Prophetic Imagination

What the book's about: From Moses to Jesus, in The Prophetic Imagination, Walter Brueggemann highlights the prophetic vision found in Scripture and explores what it means for us today. 

Why I read this book: After a friend recommended this book to me, it sat on my shelf for a good two years before I read it. I finally did so because my senior pastor chose it for our staff to discuss. 

My favorite quotes from the book: 

- "The freedom of God is always in considerable tension with the accessibility of God." 

- "Passion as the capacity and readiness to care, to suffer, to die, and to feel is the enemy of imperial reality." 

- "The speech of God is first about an alternative future." 

- "The task of prophetic imagination and ministry is to bring to public expression those very hopes and yearnings that have been denied so long and suppressed so deeply that we no longer know they are there." 

- "Hope is the refusal to accept the reading of reality which is the majority opinion." 

- "Hope expressed without knowledge and participation in grief is likely to be false hope that does not reach despair." 

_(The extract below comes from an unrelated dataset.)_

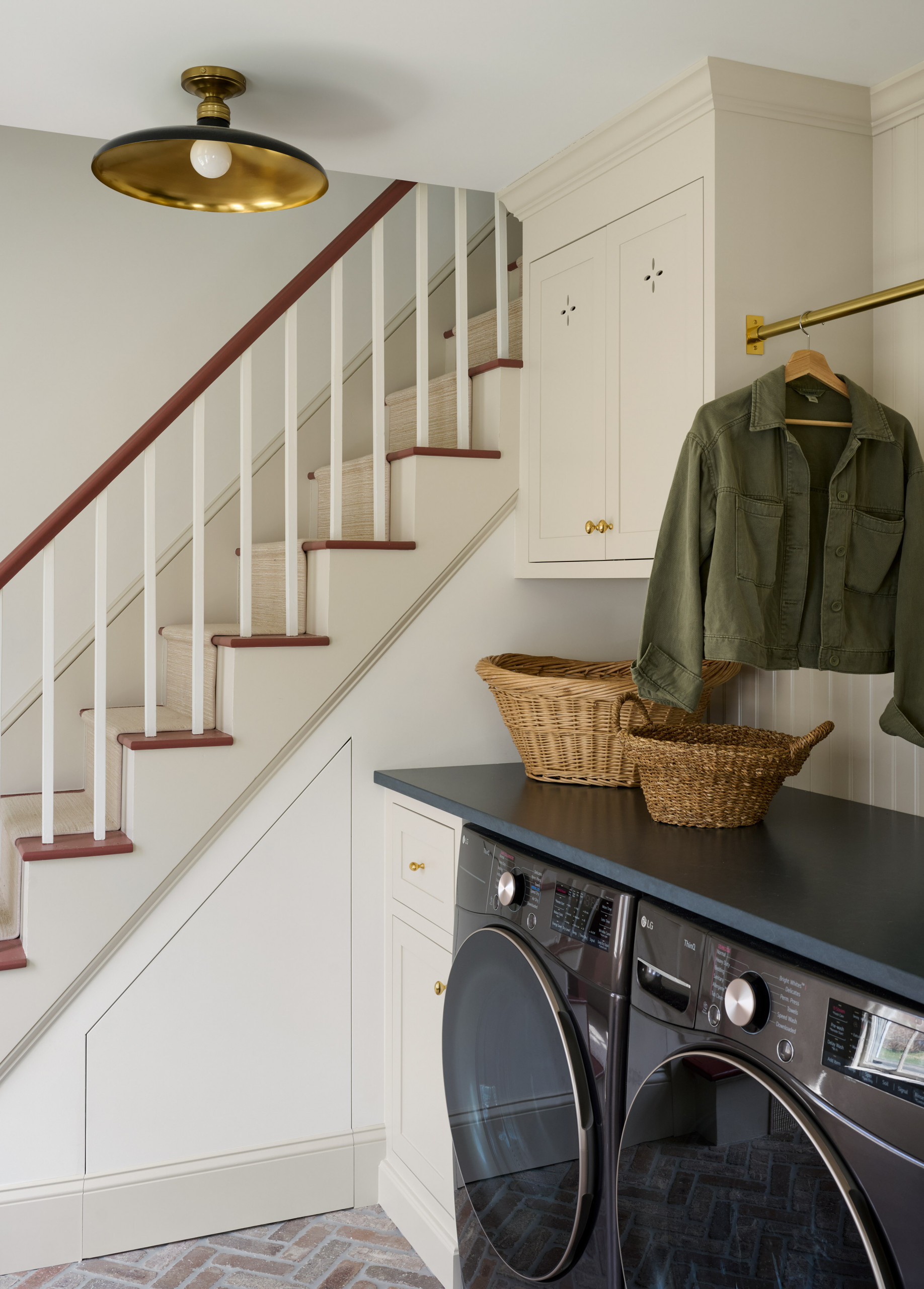 Mudroom laundry from Seaside Colonial home tour designed by Beige and Bleu Design Studio in modern transitional heritage style.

- "Jesus in his solidarity with the marginal ones is moved to compassion. Compassion constitutes a radical form of criticism for it announces that the hurt is to be taken seriously, that the hurt is not to be accepted as normal and natural but is an abnormal and unacceptable condition for humanness." 

- "Suffering made audible and visible produces hope, articulated grief is the gate of newness, and the history of Jesus is the history of entering into the pain & giving it voice." 

- "Prophetic ministry consists of offering an alternative perception of reality and in letting people see their own history in the light of God's freedom and his will for justice."  

Thumbs up or thumbs down? Thumbs up

Who I'd recommend this book for: The Prophetic Imagination is a must-read for those in ministry of any kind. That said, it's dense. Although it's short, it's not a book to be consumed in one sitting, but to be lingered over and discussed with others.